I wrote some 6502 ASM tutorials a while back.
Feel free to check them out (5 pages total). You can test various things with this online 6502 emulator…
All the information here will transfer perfectly toward 65816 programming. Stay on this until you understand it, before moving on to any more.
Or, if you prefer video tutorials…
Opcodes References 6502
Quick Explanation of 65816 ASM
I will just cover some basics, and then mention the differences between 6502 and 65816.
You need to load data to a register to move it. Any of the registers can do this.
LDA $1000 ; load A from address $1000
STA $800 ; store/copy A to address $800
LDX $1000 ; load X from address $1000
STX $800 ; store/copy X to address $800
LDY $1000 ; load Y from address $1000
STY $800 ; store/copy Y to address $800
and, depending on register size this would move 1 byte or 2. If it moved 2 bytes, it would get the lower byte from $1000 and the upper byte from $1001.
Note, you can write comments in ASM with a ; semicolon. Everything after the semicolon is ignored by the assembler.
Depending on how the LDA is written in assembly, you can perform multiple kinds of operations.
(similar to the zero page from 6502)
LDA $12 – load A from the direct page address $12. If direct page register is $0000 this will load A from $000012 (direct page is always in the $00 bank).
LDA $1234 – loads A from the address $1234, in the bank defined by the Data Bank Register. If the Data Bank is $00… will load A from $001234.
LDA $123456 – loads A from address $3456 in the $12 bank.
LDA #$12 – loads A with the value $12. Always needs a preceeding #. Might be an 8 bit or a 16 bit value depending on the mode of A.
Direct Page Indexed
Indexed modes are for arrays of bytes, using index registers. Direct page is always in bank zero.
LDA $12, X – same as direct page, but the X register is added to the address number. If X is $10, this would load A from the address $22.
LDA $12, Y – same, but the Y register is added to the address number.
(X and Y are NOT restricted to 8 bit, and can extend $ffff bytes forward without wraparound, except that the final address bank will be $00 for direct page)
LDA $1234, X – same as absolute, but the X register is added to the address number.
LDA $1234, Y – same as absolute, but the Y register is added to the address number.

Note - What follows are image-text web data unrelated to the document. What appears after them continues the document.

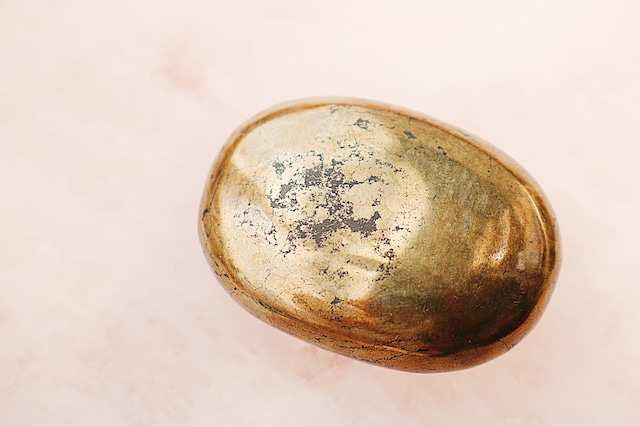 内面（心）と外見（体）の両方に輝きを与える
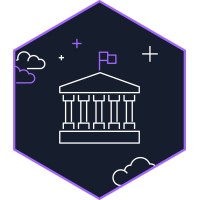 AWS User Group Athens logo - Similar company to Beyond Borders Llc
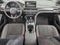 2026 Acura Integra Type S Manual
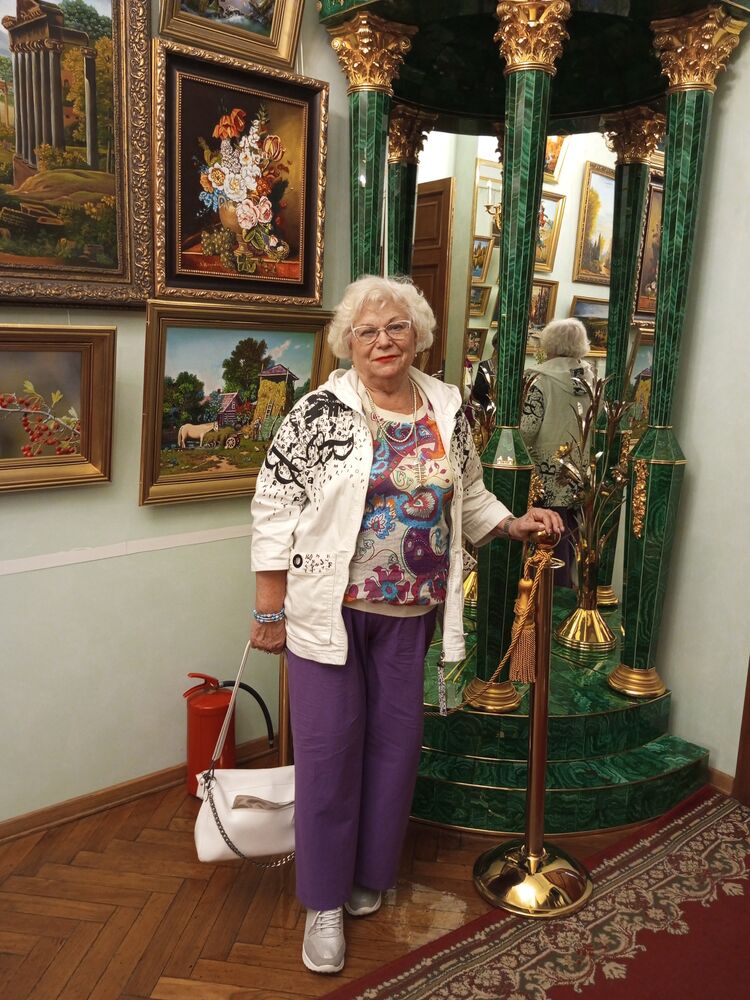 ���������� ������� �����, ���� ������� �������, 75 ���, ������������ ��� c�������� ���������, ���������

(X and Y don’t wrap, and if address + X > $ffff it will temporarily increase the data bank byte to extend into the next bank. This is true of every indexed mode except for the direct page indexed.)
Absolute Indexed Long
LDA $123456, X – same as absolute long, but the X register is added to the address number. (only X can do this mode)
This is how pointers work on the 6502 (65816) CPU. The pointer is loaded to 2 consecutive direct page addresses.
LDA ($12) – $12 is an address in the Direct Page. It takes a byte from $12 (lower byte) and $13 (upper byte) to construct an address, then the bank byte from data bank register, and then loads from that address. If $12 = $00 and $13 = $80, then this would load A with the value at address $018000 (if the data bank is $01).
Like Indirect, but 3 consecutive bytes are stored in the Direct Page to construct a long address. Low byte, High byte, then Bank byte.
LDA [$12] – If $12 = $00 and $13 = $80 and $14 = $02, loads A from the value at address $028000.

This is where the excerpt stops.